Data for this exercise Block Start

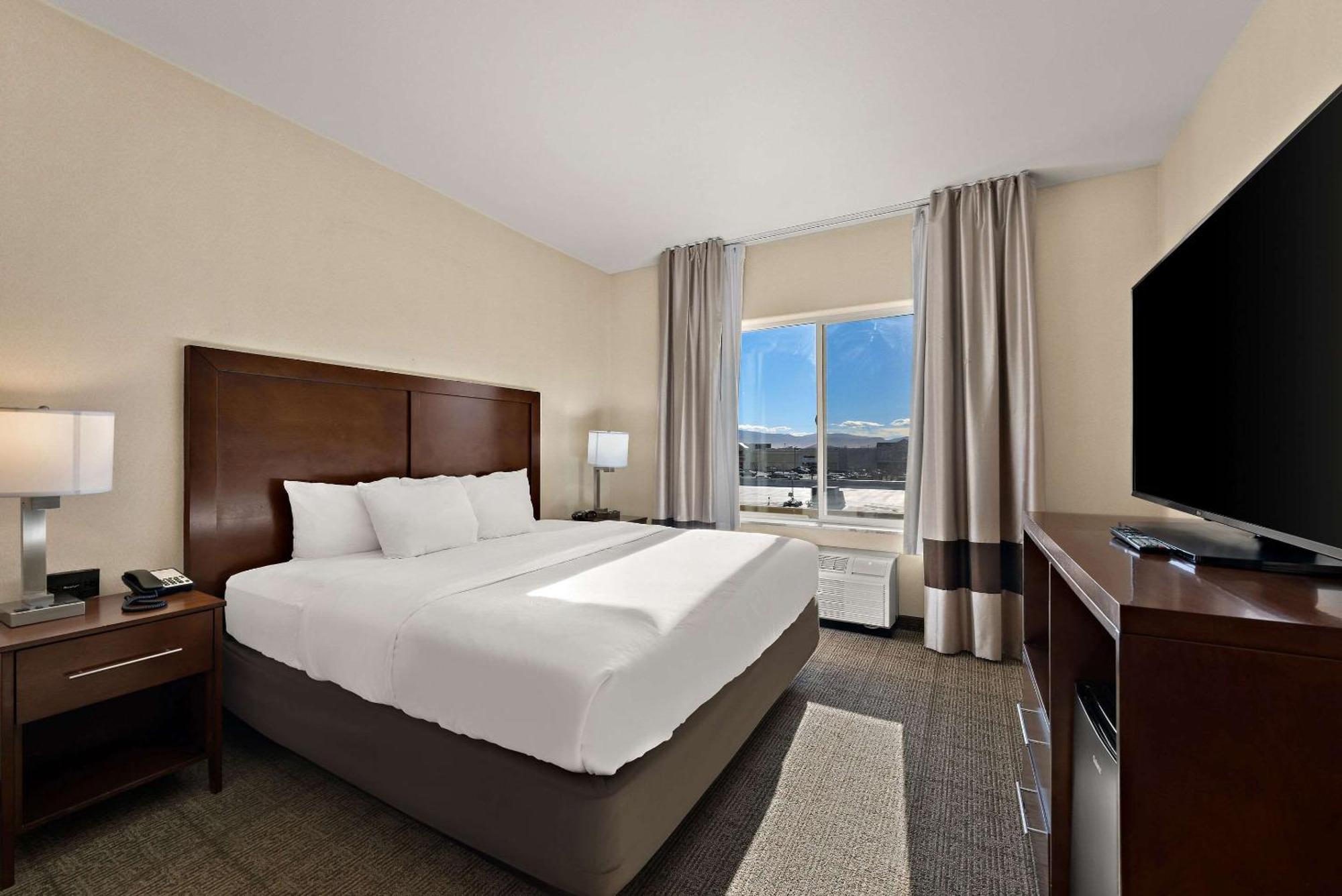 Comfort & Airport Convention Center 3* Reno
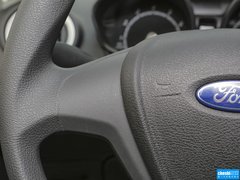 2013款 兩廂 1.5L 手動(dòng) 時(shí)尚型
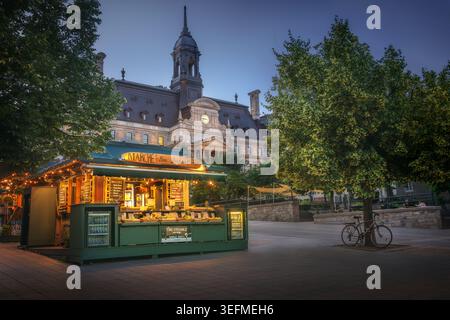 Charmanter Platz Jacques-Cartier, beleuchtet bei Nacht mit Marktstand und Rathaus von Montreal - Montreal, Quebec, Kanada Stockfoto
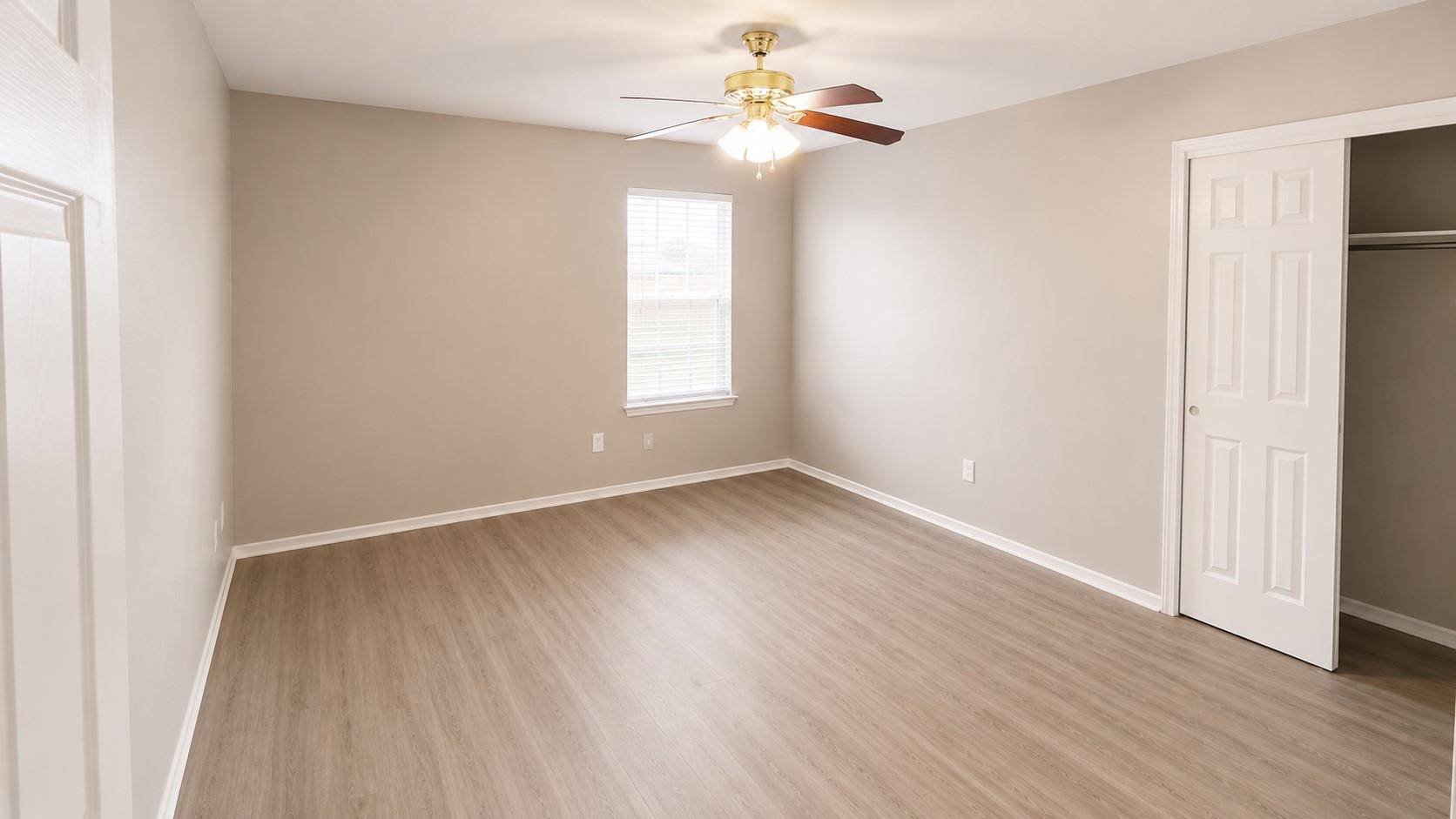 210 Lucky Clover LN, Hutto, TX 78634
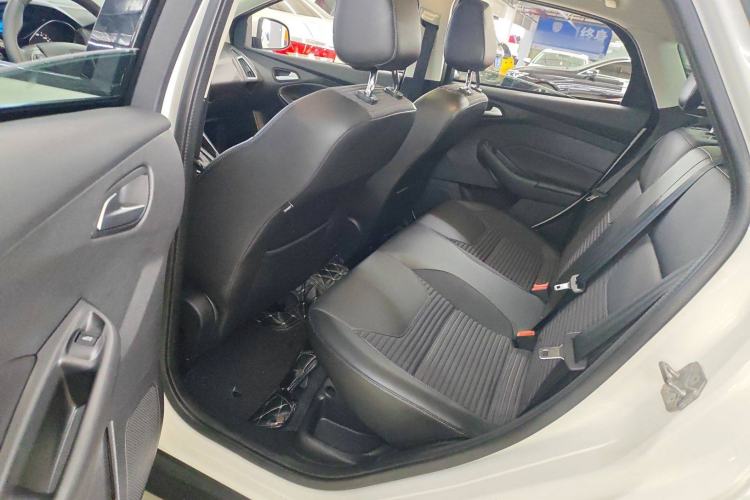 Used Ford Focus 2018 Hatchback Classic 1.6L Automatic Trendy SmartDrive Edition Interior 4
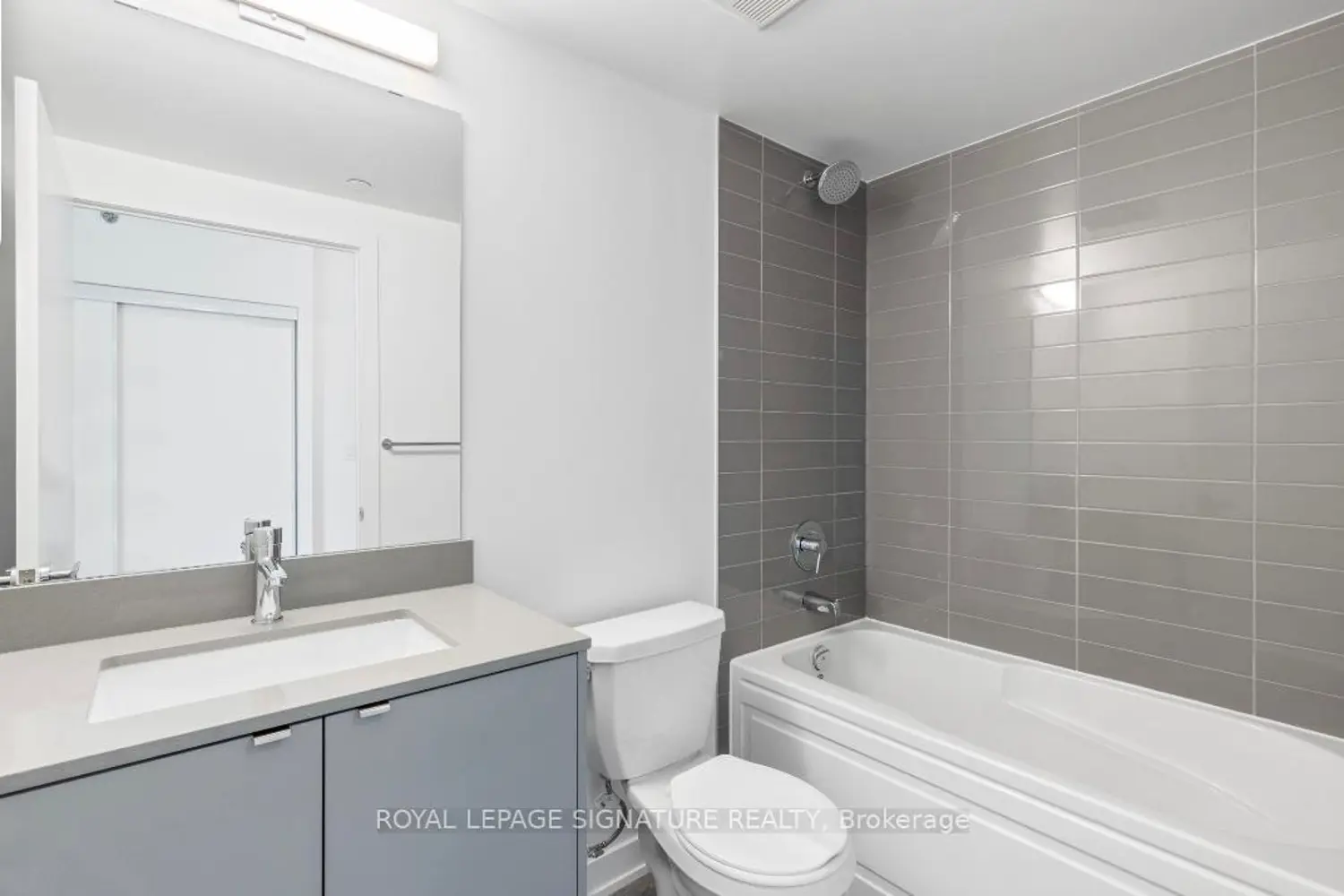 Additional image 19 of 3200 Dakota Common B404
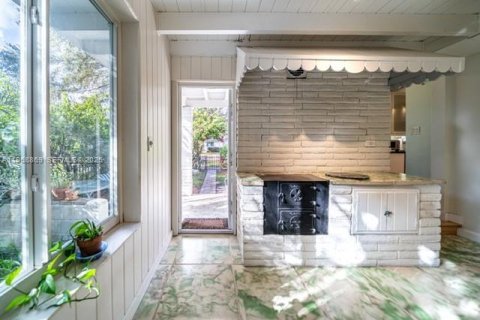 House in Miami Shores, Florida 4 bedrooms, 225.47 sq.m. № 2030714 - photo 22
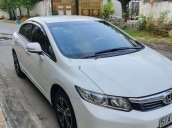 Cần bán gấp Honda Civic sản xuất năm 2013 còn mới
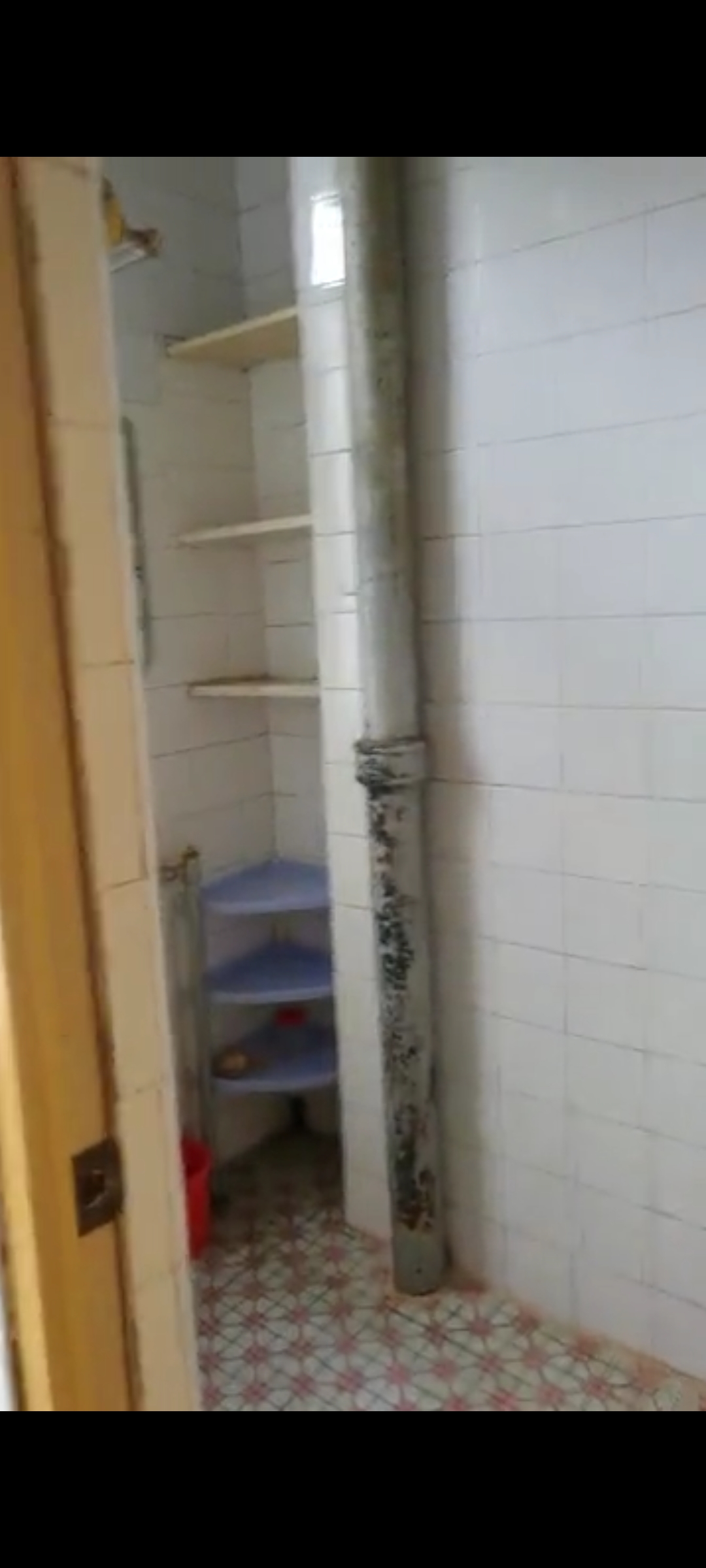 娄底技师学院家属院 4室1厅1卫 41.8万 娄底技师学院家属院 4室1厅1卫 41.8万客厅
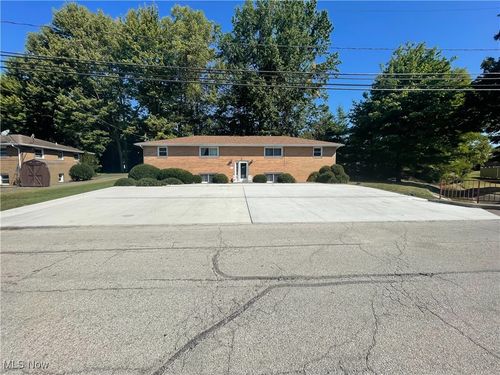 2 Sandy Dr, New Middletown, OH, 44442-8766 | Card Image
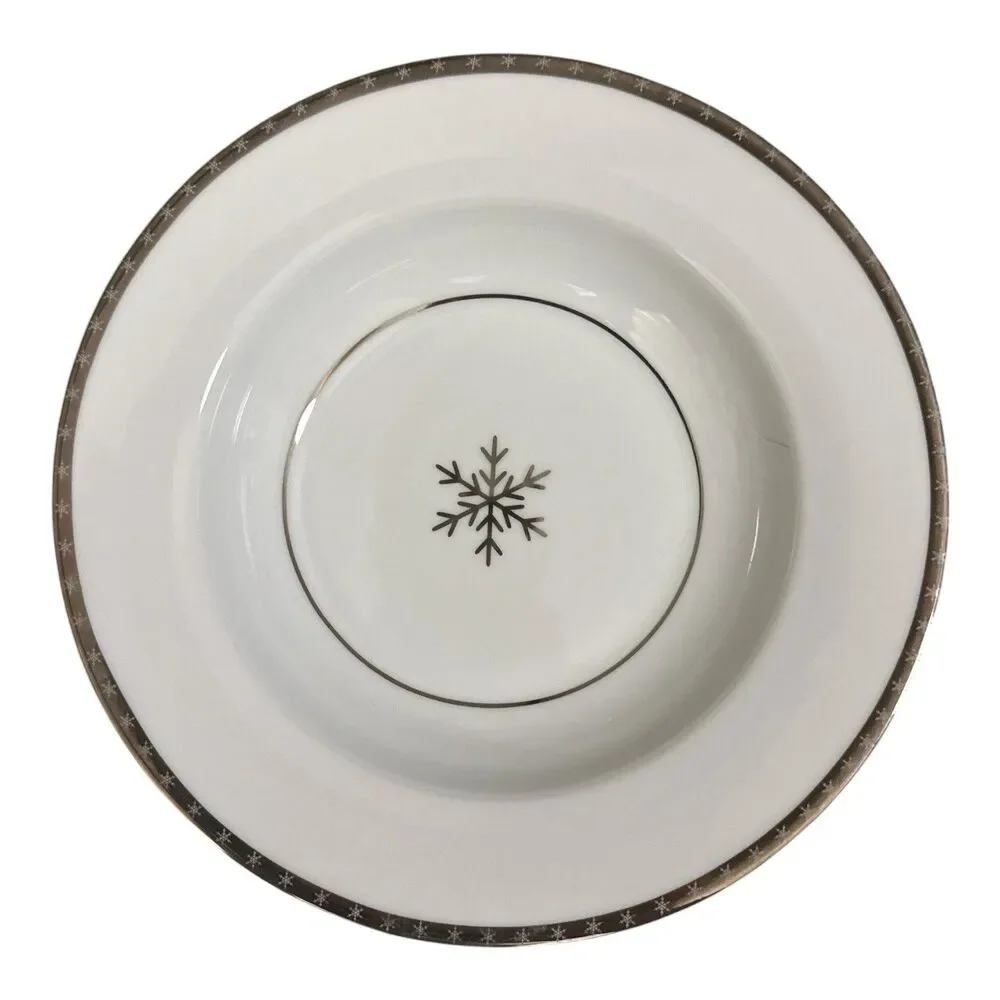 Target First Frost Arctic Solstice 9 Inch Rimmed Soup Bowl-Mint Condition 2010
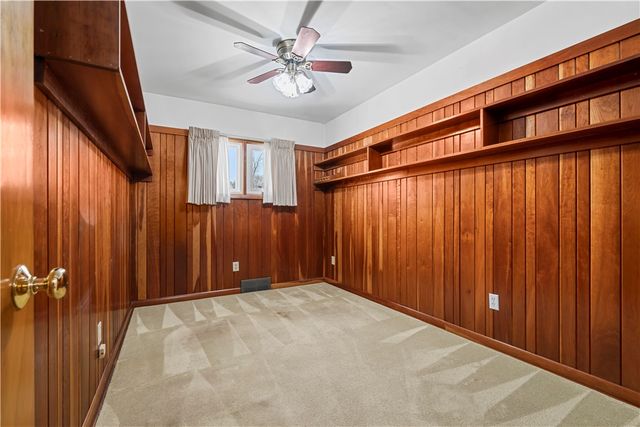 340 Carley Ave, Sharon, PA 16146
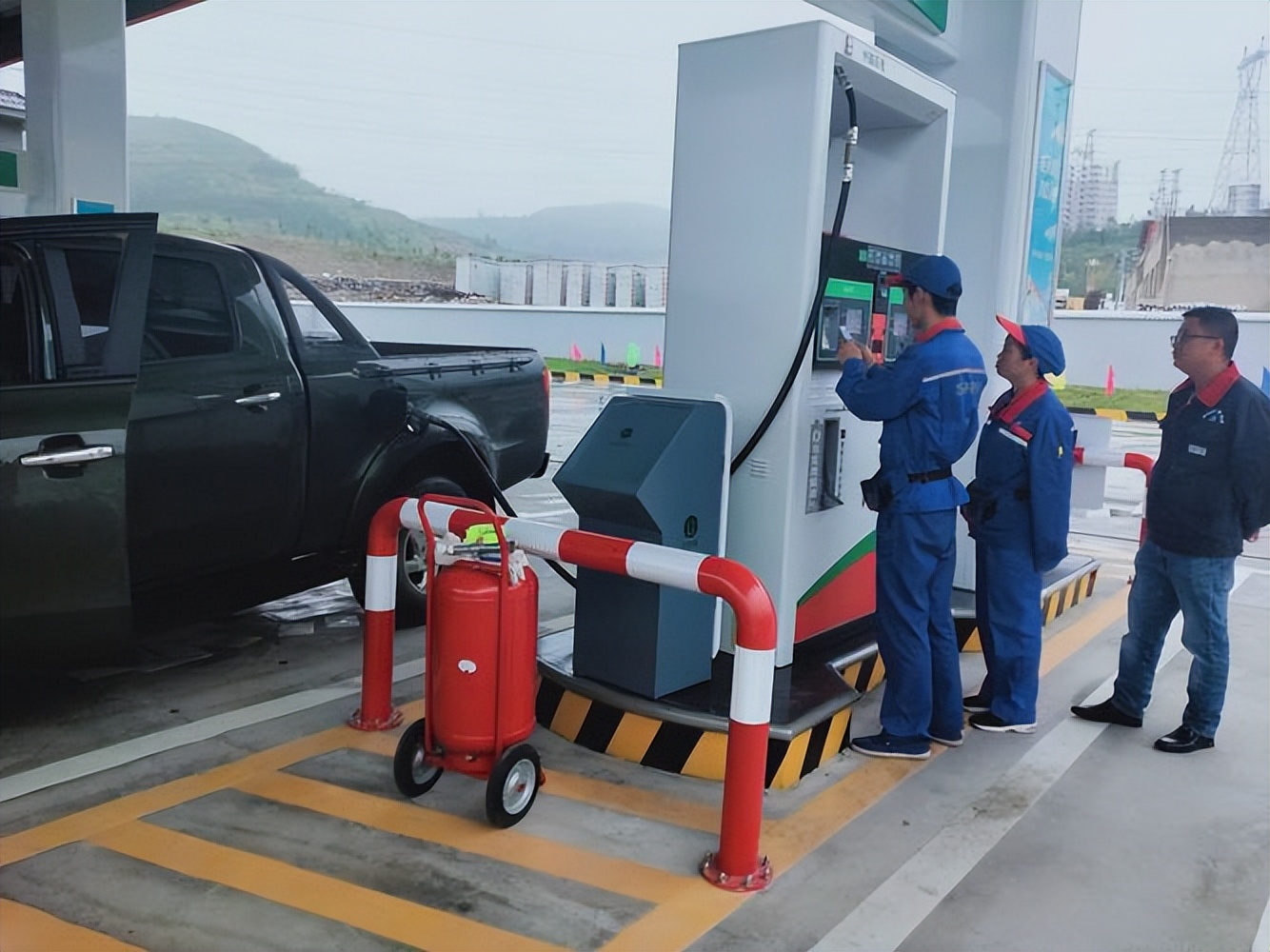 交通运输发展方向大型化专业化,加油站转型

Data for this exercise Block End

What you output should match the records line for line, minus the pictures.

 Comfort & Airport Convention Center 3* Reno
 2013款 兩廂 1.5L 手動(dòng) 時(shí)尚型
 Charmanter Platz Jacques-Cartier, beleuchtet bei Nacht mit Marktstand und Rathaus von Montreal - Montreal, Quebec, Kanada Stockfoto
 210 Lucky Clover LN, Hutto, TX 78634
 Used Ford Focus 2018 Hatchback Classic 1.6L Automatic Trendy SmartDrive Edition Interior 4
 Additional image 19 of 3200 Dakota Common B404
 House in Miami Shores, Florida 4 bedrooms, 225.47 sq.m. № 2030714 - photo 22
 Cần bán gấp Honda Civic sản xuất năm 2013 còn mới
 娄底技师学院家属院 4室1厅1卫 41.8万 娄底技师学院家属院 4室1厅1卫 41.8万客厅
 2 Sandy Dr, New Middletown, OH, 44442-8766 | Card Image
 Target First Frost Arctic Solstice 9 Inch Rimmed Soup Bowl-Mint Condition 2010
 340 Carley Ave, Sharon, PA 16146
 交通运输发展方向大型化专业化,加油站转型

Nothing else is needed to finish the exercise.